→ **Data provided**:
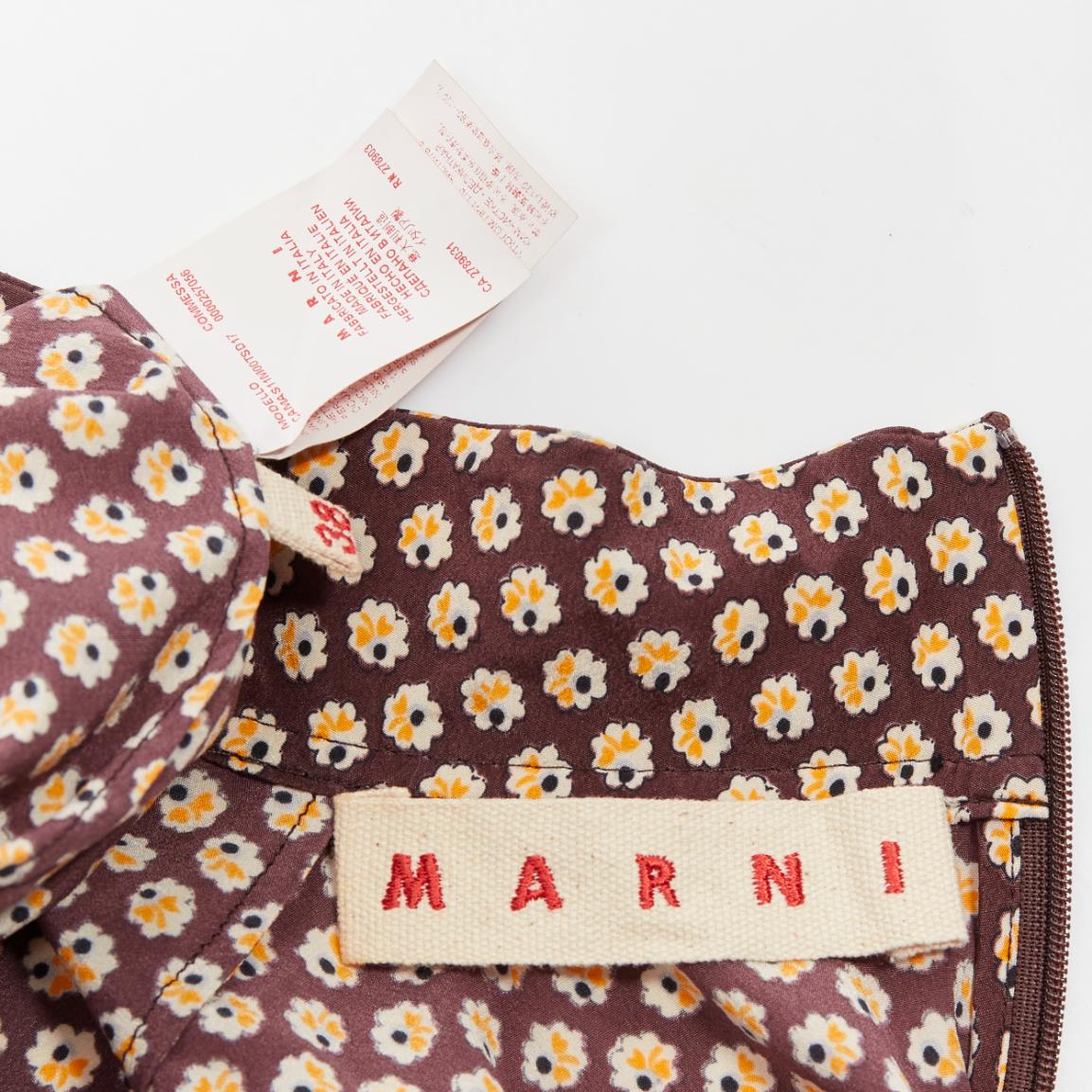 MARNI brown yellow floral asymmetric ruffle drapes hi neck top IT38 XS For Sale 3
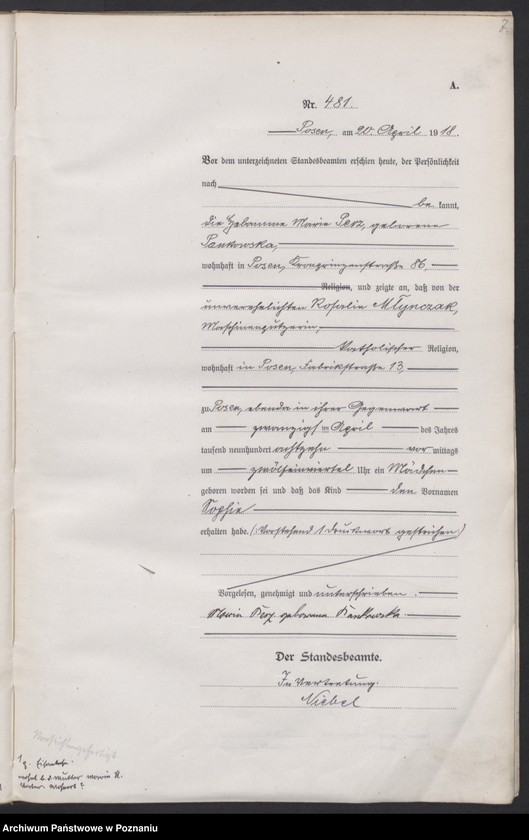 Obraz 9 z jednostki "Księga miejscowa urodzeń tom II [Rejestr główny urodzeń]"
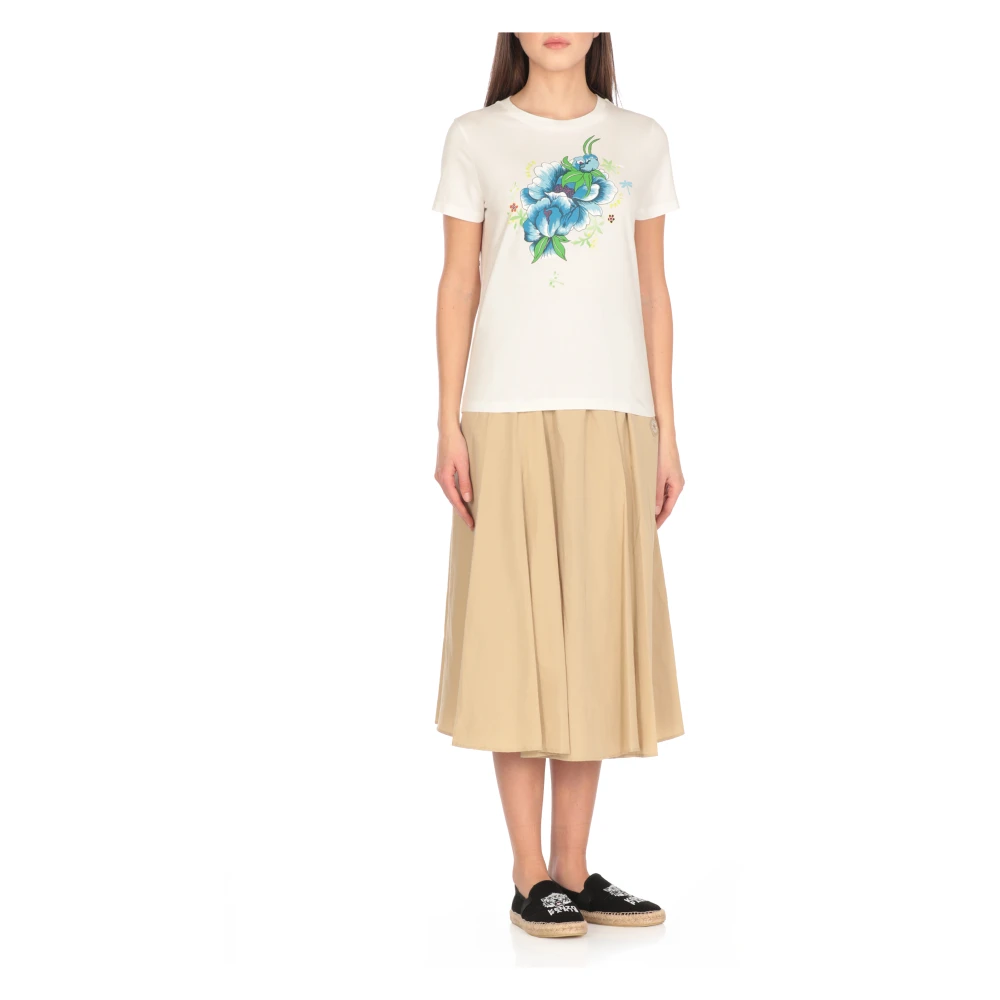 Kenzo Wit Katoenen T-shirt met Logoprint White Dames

→ **Directions for this task**: Please print all the lines above exactly as given and leave out every picture.

→ **Problem solution**:
 MARNI brown yellow floral asymmetric ruffle drapes hi neck top IT38 XS For Sale 3
 Obraz 9 z jednostki "Księga miejscowa urodzeń tom II [Rejestr główny urodzeń]"
 Kenzo Wit Katoenen T-shirt met Logoprint White Dames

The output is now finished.